**WHAT TO PRODUCE**
Could you set down exactly the lines of the data below, starting at the one that holds "これにより正式名称は曖昧となり、" and ending at the one that holds "#happyeaster from all", both included, and only those?

**AVAILABLE DATA**
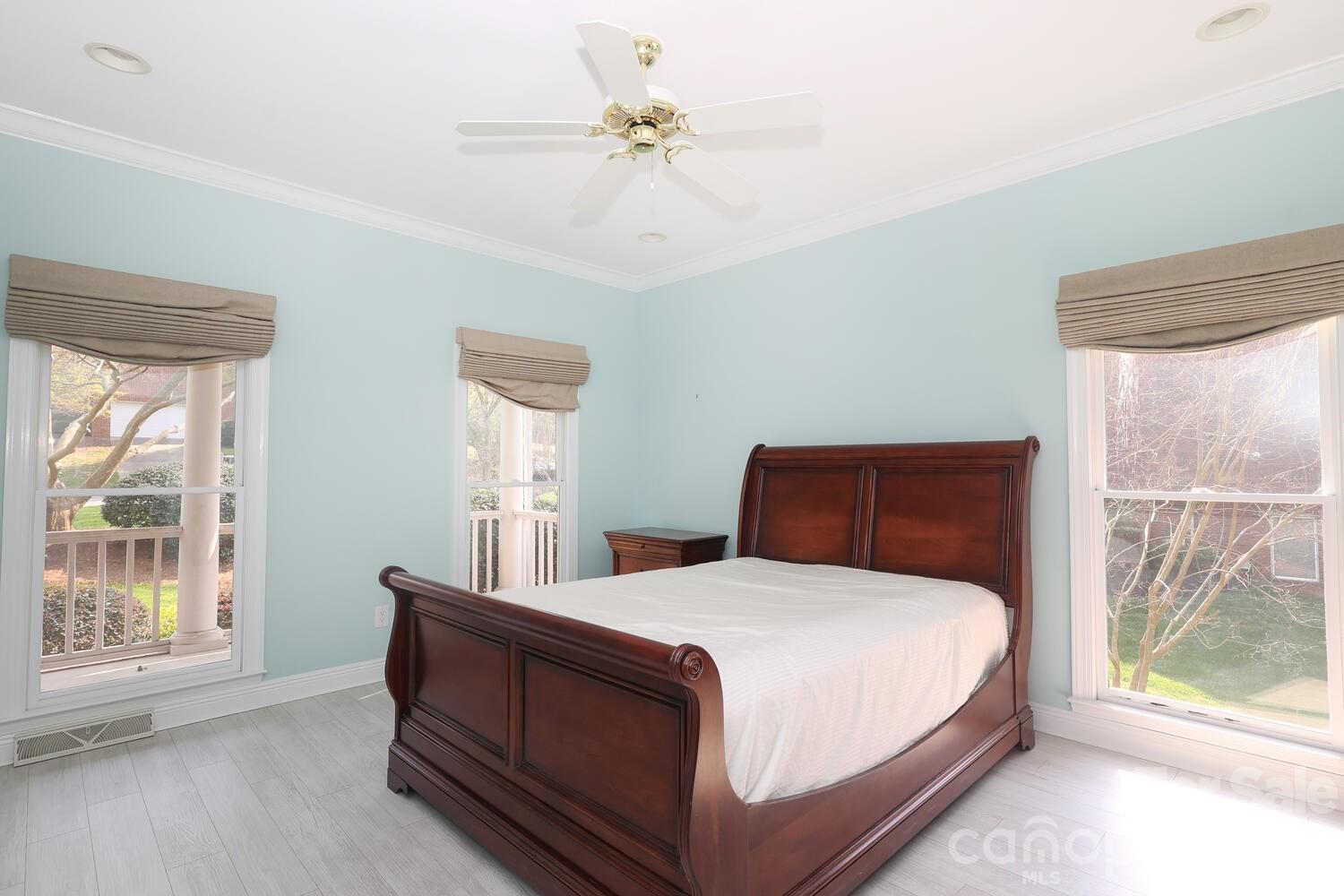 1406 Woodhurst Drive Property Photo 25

* * *

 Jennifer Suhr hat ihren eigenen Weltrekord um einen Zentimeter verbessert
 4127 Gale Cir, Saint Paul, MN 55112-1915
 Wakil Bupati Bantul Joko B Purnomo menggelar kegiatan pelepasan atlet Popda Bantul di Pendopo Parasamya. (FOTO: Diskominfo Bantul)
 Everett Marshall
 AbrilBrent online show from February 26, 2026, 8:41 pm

---

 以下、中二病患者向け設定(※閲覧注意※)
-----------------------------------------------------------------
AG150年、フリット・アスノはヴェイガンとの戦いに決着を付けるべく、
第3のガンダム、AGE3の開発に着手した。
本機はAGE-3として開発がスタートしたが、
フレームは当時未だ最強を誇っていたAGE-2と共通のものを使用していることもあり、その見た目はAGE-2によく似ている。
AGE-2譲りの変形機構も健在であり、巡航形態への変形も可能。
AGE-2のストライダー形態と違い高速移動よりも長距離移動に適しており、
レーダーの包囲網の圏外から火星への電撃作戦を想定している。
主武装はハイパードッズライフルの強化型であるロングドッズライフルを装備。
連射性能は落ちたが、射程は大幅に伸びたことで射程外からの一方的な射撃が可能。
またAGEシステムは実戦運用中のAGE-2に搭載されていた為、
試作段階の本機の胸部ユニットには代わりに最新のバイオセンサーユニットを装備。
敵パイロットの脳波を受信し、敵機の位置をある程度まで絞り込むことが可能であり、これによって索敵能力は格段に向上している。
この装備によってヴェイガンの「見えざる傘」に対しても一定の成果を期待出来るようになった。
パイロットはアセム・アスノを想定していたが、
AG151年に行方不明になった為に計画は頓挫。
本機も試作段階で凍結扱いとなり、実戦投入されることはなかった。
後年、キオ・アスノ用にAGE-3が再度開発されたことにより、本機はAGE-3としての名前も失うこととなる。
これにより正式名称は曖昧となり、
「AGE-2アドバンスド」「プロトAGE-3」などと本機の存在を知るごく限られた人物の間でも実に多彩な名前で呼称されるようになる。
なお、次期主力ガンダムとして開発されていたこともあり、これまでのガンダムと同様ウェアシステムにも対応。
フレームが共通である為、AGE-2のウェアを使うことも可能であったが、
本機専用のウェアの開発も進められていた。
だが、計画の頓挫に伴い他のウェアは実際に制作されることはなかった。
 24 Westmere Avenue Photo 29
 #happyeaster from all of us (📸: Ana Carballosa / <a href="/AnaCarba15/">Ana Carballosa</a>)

**SOLUTION**
これにより正式名称は曖昧となり、
「AGE-2アドバンスド」「プロトAGE-3」などと本機の存在を知るごく限られた人物の間でも実に多彩な名前で呼称されるようになる。
なお、次期主力ガンダムとして開発されていたこともあり、これまでのガンダムと同様ウェアシステムにも対応。
フレームが共通である為、AGE-2のウェアを使うことも可能であったが、
本機専用のウェアの開発も進められていた。
だが、計画の頓挫に伴い他のウェアは実際に制作されることはなかった。
 24 Westmere Avenue Photo 29
 #happyeaster from all of us (📸: Ana Carballosa / <a href="/AnaCarba15/">Ana Carballosa</a>)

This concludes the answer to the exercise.